Summary
Roger Moran’s emergence from the penitentiary’s oppressive shadows after a two-year tenure marks a precarious pivot toward civic rectitude. Having internalized the punitive lessons of his incarceration, Moran seeks to sever the umbilical cord connecting him to a clandestine fraternity of thieves orchestrated by the calculating Mike Wilson. This ideological schism creates an immediate friction with his paramour, Betty Palmer, a woman whose allegiance to the 'false road' remains unyielding and visceral. Moran’s odyssey of self-correction leads him to the threshold of Joshua Starbuck, a banker whose benevolent disposition offers a sanctuary of legitimate labor.
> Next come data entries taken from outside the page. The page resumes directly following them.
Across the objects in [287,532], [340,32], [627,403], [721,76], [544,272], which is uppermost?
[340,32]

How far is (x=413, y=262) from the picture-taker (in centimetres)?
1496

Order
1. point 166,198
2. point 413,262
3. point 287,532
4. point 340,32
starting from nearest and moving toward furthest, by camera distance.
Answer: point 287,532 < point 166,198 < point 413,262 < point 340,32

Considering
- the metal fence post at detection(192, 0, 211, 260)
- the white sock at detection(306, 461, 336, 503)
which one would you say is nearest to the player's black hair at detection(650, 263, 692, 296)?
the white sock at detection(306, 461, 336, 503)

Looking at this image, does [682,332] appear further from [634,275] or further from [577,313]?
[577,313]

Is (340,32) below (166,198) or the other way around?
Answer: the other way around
Yet, the tranquility of this bourgeois existence is shattered when the bank’s vault is violated by specters from Moran’s past. To reclaim the stolen capital and vindicate his fragile reputation, Moran must descend once more into the labyrinthine underworld of New York, adopting a mask of recidivism to infiltrate his former cohort. The resulting masquerade is complicated by the re-emergence of Betty, whose presence threatens to dissolve the boundary between his performative criminality and his genuine quest for absolution.
Synopsis
Roger Moran, a member of a gang of thieves headed by Mike Wilson, is released from prison after having served a two-year sentence. He has learned his lesson and vows to leave his life of crime, but his girlfriend Betty Palmer--also a member of the gang--won't leave "the false road". Roger finally leaves her and finds a job with a sympathetic banker, Joshua Starbuck. However, one day the bank is broken into and the contents of the safe are stolen, and it turns out that the culprits are two members of Roger's old gang. He tracks them to New York and convinces them that he wants to get back into the gang, in order to find where they're keeping the money. However, matters don't quite go as Roger had planned and Betty comes back into his life.